Una bola de fuego a mach 1 chocó contra su cabeza.

—¿Eres imbécil, o q-qué? —Poco a poco, Caronte dio la vuelta de nuevo, contemplando con los ojos muy abiertos a un triste caballero negro, sostenido por dos cachorrillos de bronce. Entre los santos de plata, todavía rezagados, una enmascarada y un hombre de cierta fortaleza espiritual veían a Lince y Can Menor con genuino terror—. ¿Ni siquiera has vencido a una cuarta parte de nuestro ejército y y-ya c-cantas victoria? ¿Eh? —Con el rostro marcado por el sudor debido al sobreesfuerzo de confrontar lo que la presencia de Caronte hacía con el alma humana, aquella sombra bien podría merecer su admiración por el solo hecho de poder hablar. Sin embargo, pronto se volvió una molestia cuando generó diversas bolas de fuego—. ¡No! —Lanzó una tanda, a mach 5—. ¡Nos! —Otra más, a mach 10—. ¡Subestimes! —Por tercera vez, las llamas descendieron sobre Caronte como colmillos de león, a mach 100.

Alguien gimió cerca. Los santos de Escorpio y Escudo volvían a respirar. Reloj los había restaurado a ellos y a sí mismo. La sombra no estaba atacando a la desesperada.

Eso lo volvía diez veces más admirable. Y molesto.

—Soma —decía Shaula, levantándose con ayuda de sus amigos—. Ya está, huye.

Lince y Can Menor hicieron amago de retroceder.

—No —respondió Soma—. Soy un santo negro, hijo de mi padre, ¡y voy a luchar!

Su cosmos ardiente destelló con la virulencia del bronce, evocando una de las ochenta y ocho constelaciones. Las fauces de León Menor se habían abierto.

xxx

Shadir.
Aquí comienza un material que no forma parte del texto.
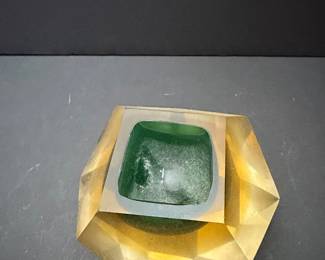Murano Sommerso Faceted Art Glass Bowl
En mi experiencia, siempre hay. Los veo hasta en libros publicados, lo que no es excusa para no dar lo mejor de uno mismo, claro está.

La historia tendría otro rumbo si los astrales fueran menos radicales.

Los caminos de los dioses son misteriosos… ¡Hasta para los mismos dioses! Sí, ciertamente la diplomacia no es el punto fuerte de la mayoría de los astrales, pero Caronte es un caso único. Terror puro en forma humana.